XFeiF / ComputerVision_PaperNotes

📚 Paper Notes (Computer vision)
1 stars 0 forks source link

20 | Can Temporal Information Help with Contrastive Self-Supervised Learning? #26

Closed XFeiF closed 3 years ago

XFeiF commented 3 years ago

Paper No code available now~.

Authors:
Yutong Bai, Haoqi Fan, Ishan Misra, Ganesh Venkatesh, Yongyi Lu, Yuyin Zhou, Qihang Yu, Vikas Chandra, Alan Yuille

Overview of the proposed temporal-aware contrastive self-supervised learning framework (TaCo).
TaCo mainly comprises three modules: temporal augmentation module, contrastive learning module, and temporal pretext task module. For different temporal augmentations, they apply different projection heads and task heads. The features extracted from projection head of original video sequence and agumented sequence are considered as positive sample pairs, and the remaining ones are simply regarded as negative sample pairs. The contrastive loss is computed as the summation of losses over all pairs.

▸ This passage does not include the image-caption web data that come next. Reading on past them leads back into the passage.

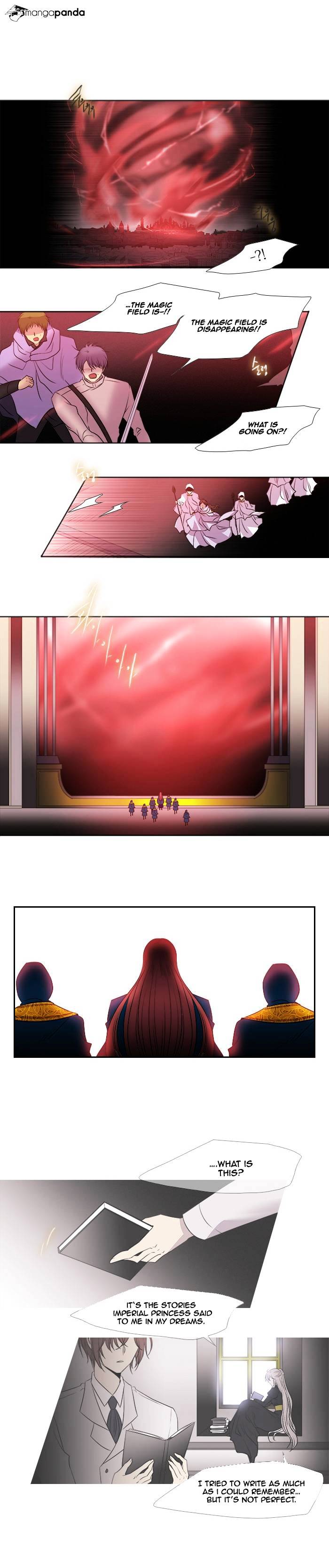 Page 15 of Chapter 193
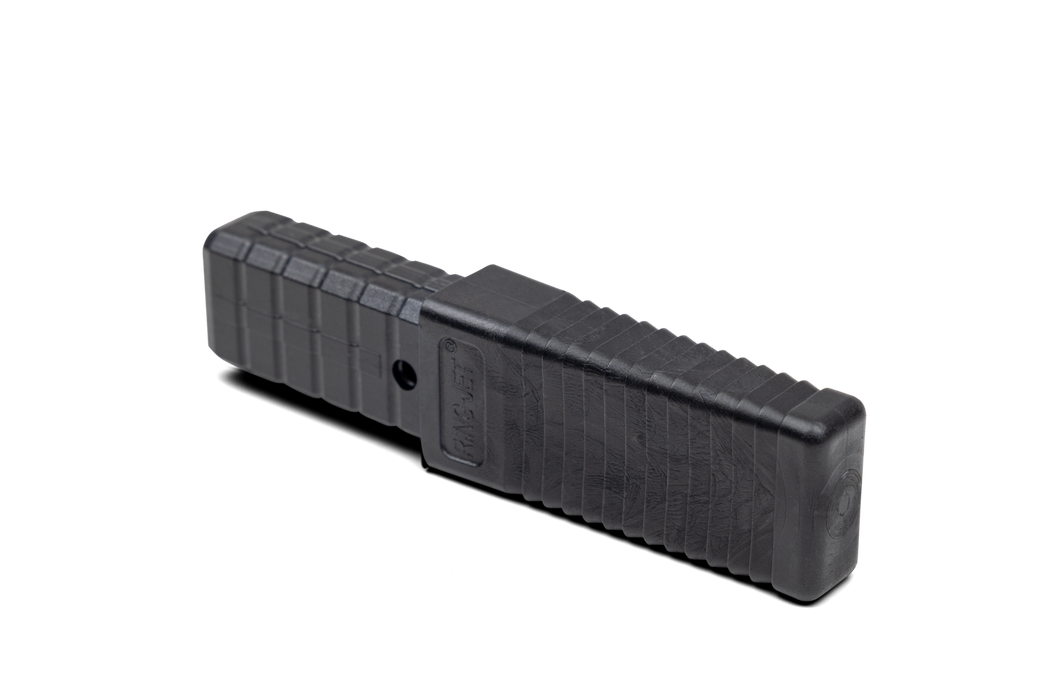 Ring-Jet Hurricane Replacement Ringette Tip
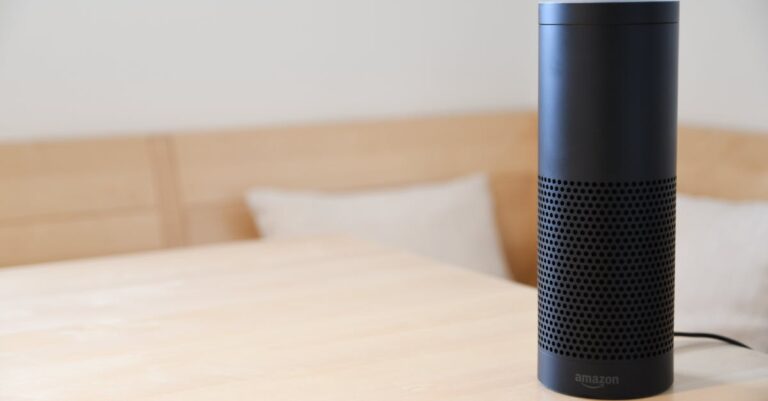 Alexa+ raggiunge 100.000 utenti, conferma il CEO Amazon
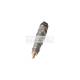 INJECTOR OEM-BOSCH D20 TGA EURO 4-5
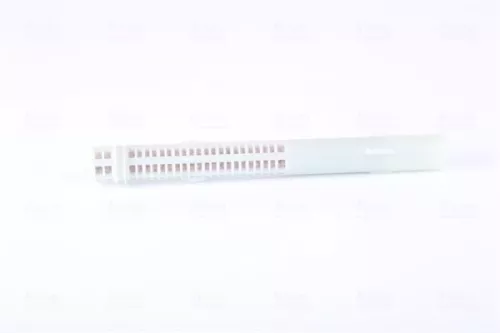 Dryer, air conditioning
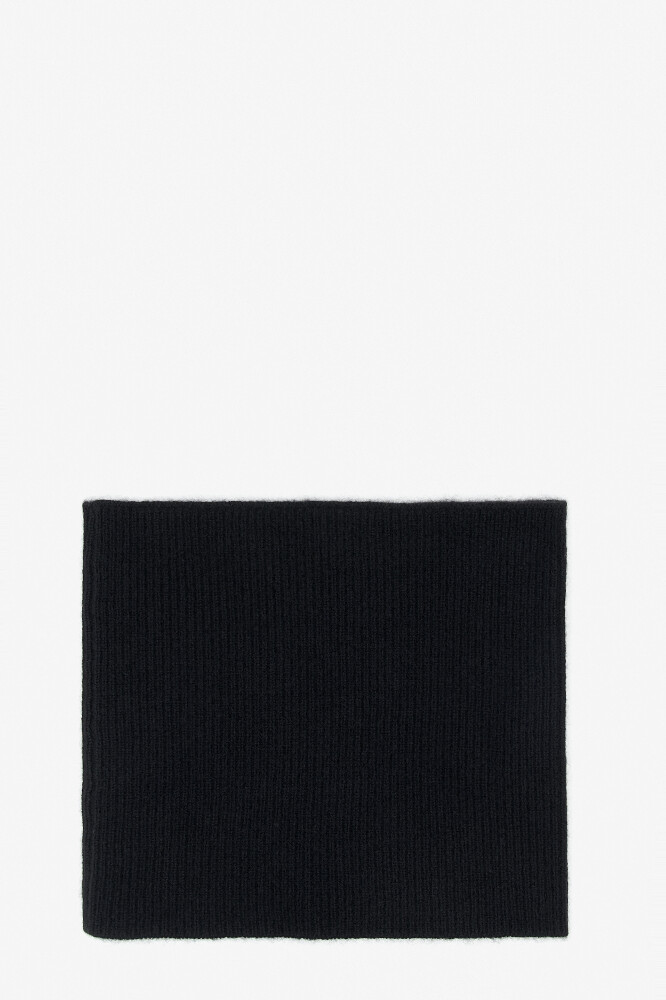 goods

XFeiF commented 3 years ago

Ten Questions to Ask When Reading a Paper

1. What is the problem addressed in the paper?

The authors try to find a good way to incorporate temporal information into instance discrimination based contrastive self-supervised learning framework (CSL). They present a general paradigm to enhance video CSL named Temporal-aware Contrastive self-supervised learning (TaCo). TaCo selects a set of temporal transformations not only as strong data augmentation but also to constitute extra self-supervision for video understanding. It boosts the performance in a multi-task training manner as it uses task head for every task.

2. Is this a new problem?

For video understanding, it is not a new problem. But it is the first detailed discussion on how to integrate temporal information in video CSL.

3. What is the scientific hypothesis that the paper is trying to verify?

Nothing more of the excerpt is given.